Vitória 1938: Documentário de Luiz Gonzáles Batan (pai de Ramón) mostrando aspectos da vitória no ano do título (1938).
Além desses nove, ainda fazem parte do I Ciclo Cinematográfico Capixaba (1965-69), a chamada “época de ouro” do nosso cinema amador, filmes de 16 mm, preto e branco, em celulose realizados de forma quase artesanal. São os seguintes:
A queda: direção de Paulo Eduardo Torre e fotografia de Ramón Alvarado. Intérpretes: Marlene Simonetti (aqui estou em dúvida se foi com Ewerton Guimarães ou Rubens Azevedo). (1966)
Boa sorte, palhaço!: direção de Antônio Carlos Neves e fotografia de Ramón Alvarado. Alguém me disse que o filme foi finalmente terminado, mas nunca perguntei a Toninho. Por isso, não sei os atores (1967)

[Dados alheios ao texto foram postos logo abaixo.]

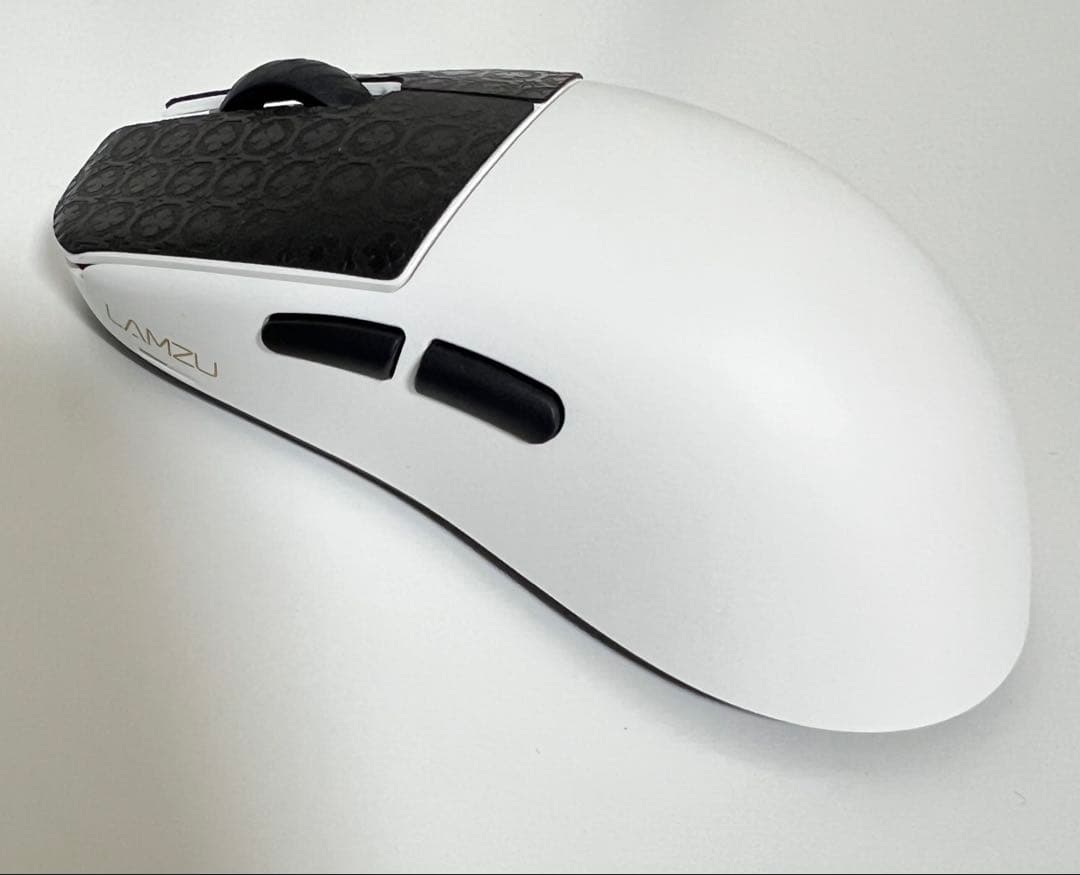 LAMZU Inca 8kワイヤレスマウス ホワイト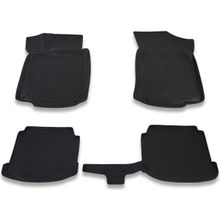 Bizymo Seat Toledo 1999-2004 Siyah 3D Paspas Takımı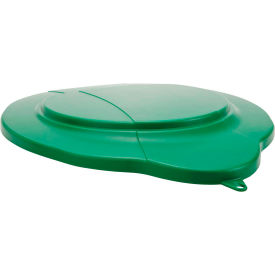 Vikan 56932 5 Gallon Bucket Lid Green 56932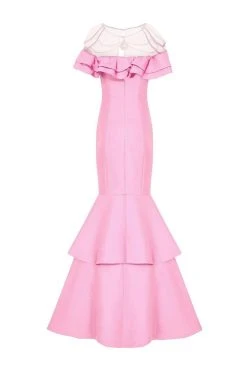 Tarik Ediz - Jeweled Mermaid Dress 50107 Formal Gowns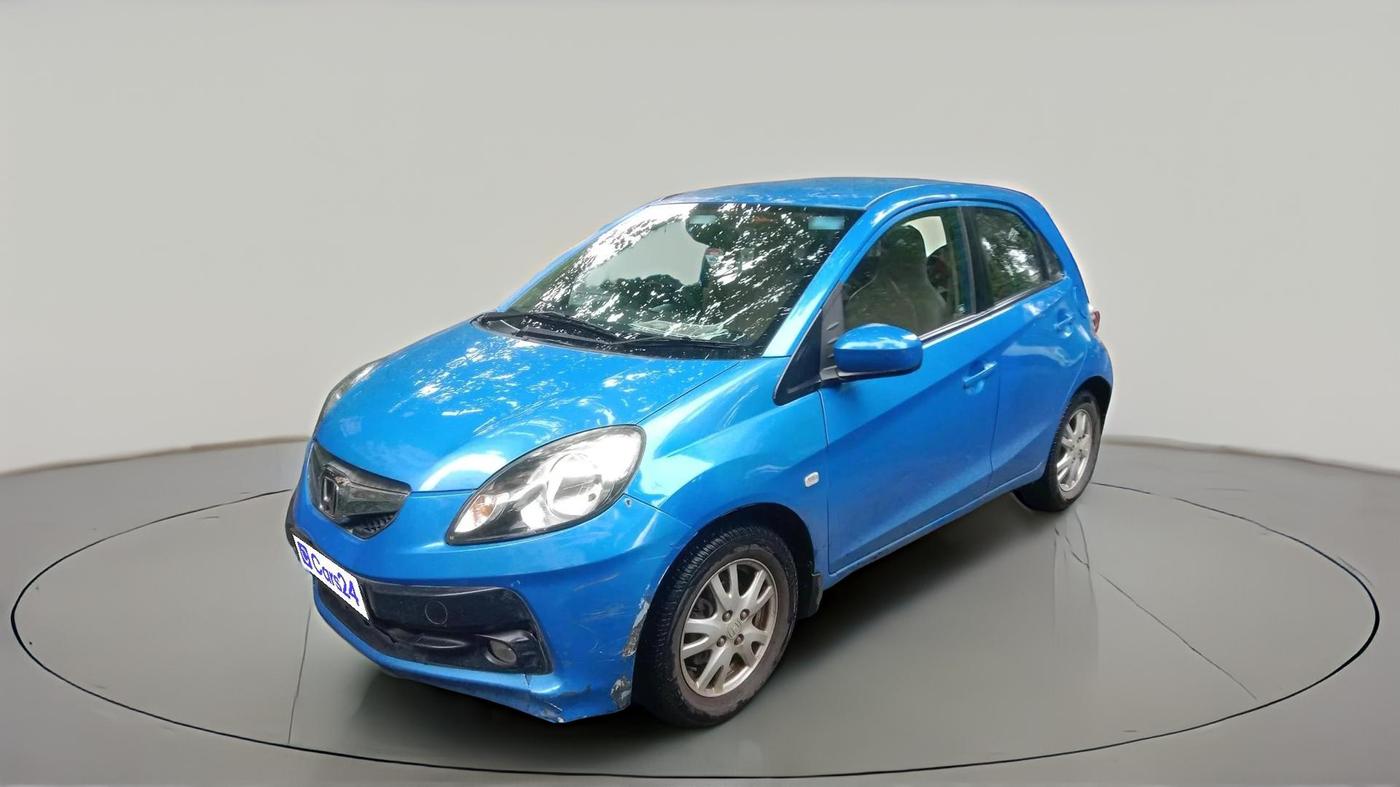 2013 Honda Brio VX AT, Petrol, Automatic, 69,276 km, exterior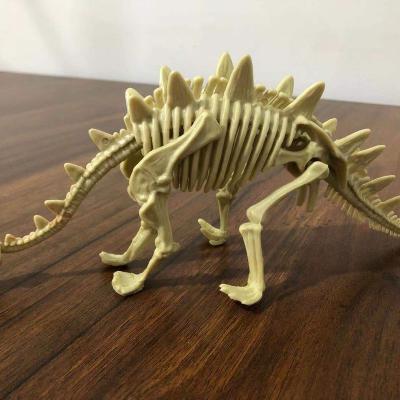 China Dig Sale Factory Excavation Skeleton Kit Popular Toys Fossil Dinosaur Kit For Kids for sale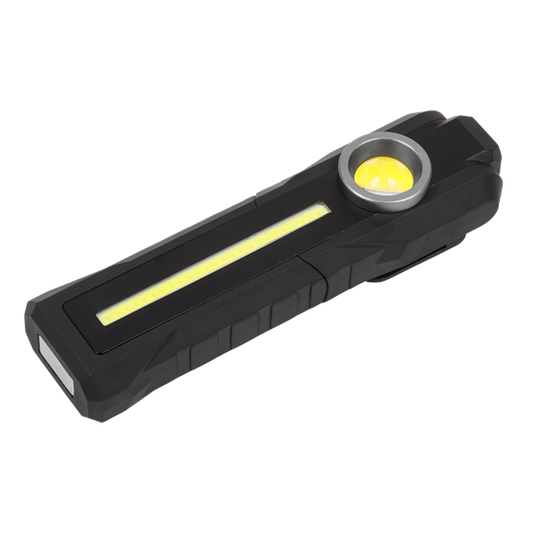 Sealey Rechargeable 3 In 1 Inspection Light 5W COB 3W SMD LED 300 Lumen LED316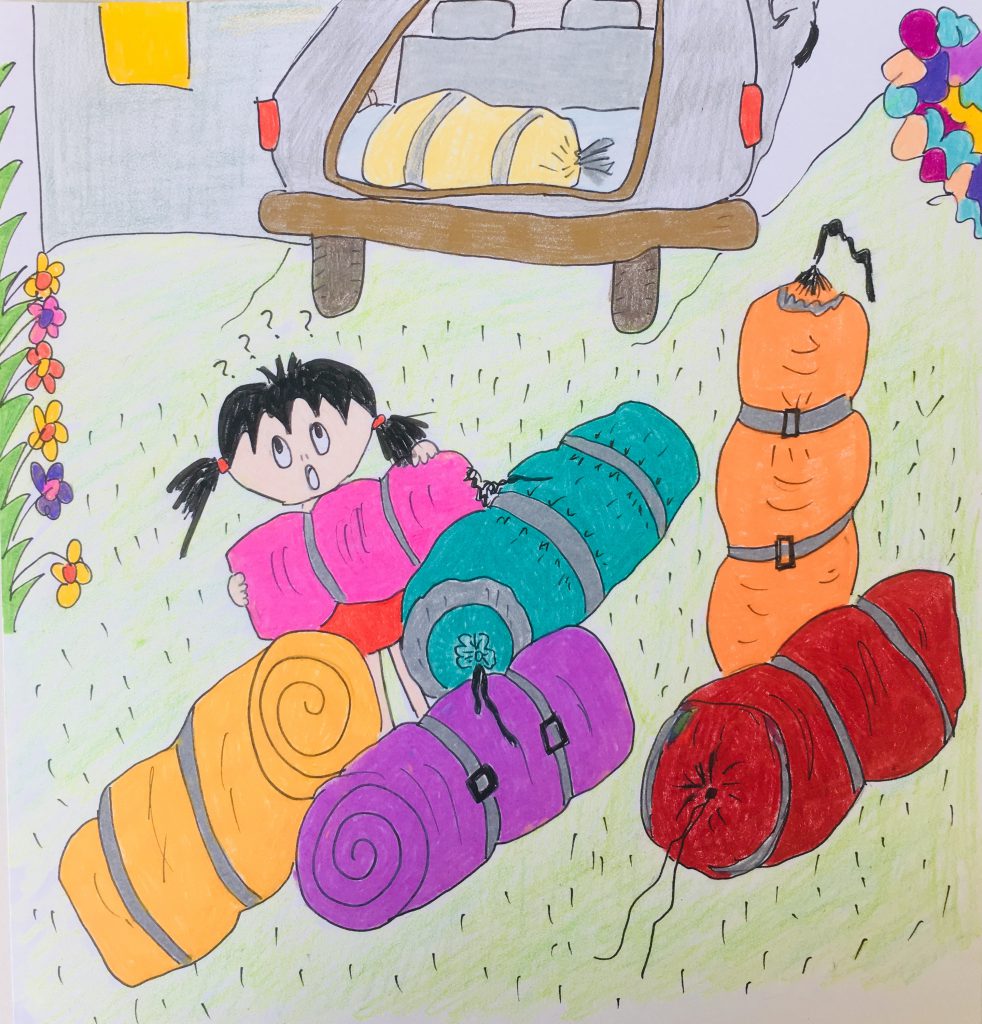 קמפינג by sharona Givol - Illustrated by שרונה גבעול - Ourboox.com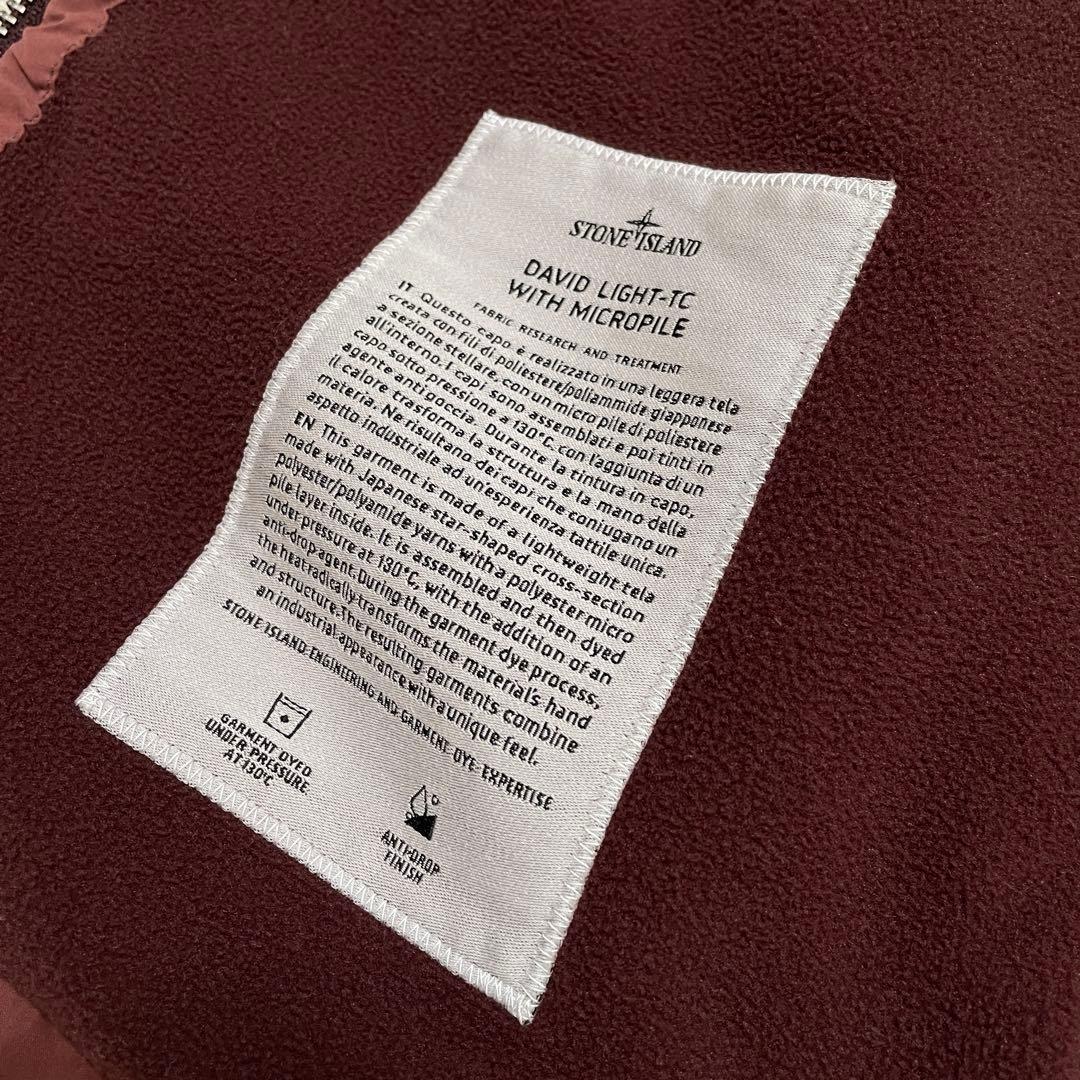 トップス STONE  DAVID LIGHT-TC ZIP VEST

Veia partida: direção de Antônio Carlos Neves e fotografia de Ramón Alvarado (prêmio de melhor fotografia no festival de Cinema do Jornal do Brasil/Mesbla, de 1968). Intérprete: Rubens Azevedo.
Primeira revolta: direção de Luiz Eduardo Lages. Não sei mais nada sobre esse filme. Quem me falou com entusiasmo sobre ele foi Paulo Eduardo Torre, mas nunca assisti nem sei o elenco.
Ponto e vírgula: direção de Luiz Tadeu Teixeira. Intérpretes: Luiz Tadeu Teixeira e Milson Henriques (1969).
Variações para um tema de Maiakovski: direção de Luiz Tadeu Teixeira. Também não assisti e desconheço a ficha técnica (1971).
São 15 filmes, em sua maioria, realizados por jovens entusiastas, num tempo em que a censura era cruel, numa cidade que não tem o vício da cultura (até hoje), motivados pela famosa frase de Glauber Rocha: “Fazer cinema é uma câmera na mão e uma (boa) idéia na cabeça”, e procurando desmistificar o cinema como uma indústria de diversão alienante.
No começo dos anos 70 Toninho Neves foi complementar seus estudos sobre cinema na União Soviética (ele havia completado um curso de cinema em Brasília), Paulo Torre Ramón e Rubens Azeredo (que nunca mais vi) foram para o Rio de Janeiro, e o ainda garoto Luiz Tadeu Teixeira virou editor do segundo caderno de A Gazeta, embora fosse o provável sucessor dos que foram embora, porque começou a filmar e a fazer teatro. Só que fizemos juntos peça Mordaça e ganhamos como prêmio, oferecido pela Fundação Cultural do Espírito Santo, cursos de teatro no Rio de Janeiro. Tadeu largou tudo e foi para o Rio, só voltando anos depois. Luiz Lages, não sei para onde foi. Da turma “antiga” só eu fiquei por aqui.
Aí, chegaram os anos 70. Como dinheiro é coisa que nunca tive, nem faço questão, nunca ousei dirigir filmes. Preferi fazer shows, peças de teatro com universitários, menos complicado e dispendioso. Continuei a cantar em coral, escrever e desenhar em jornal e visitar periodicamente – como convidado ou intimado – a Polícia Federal.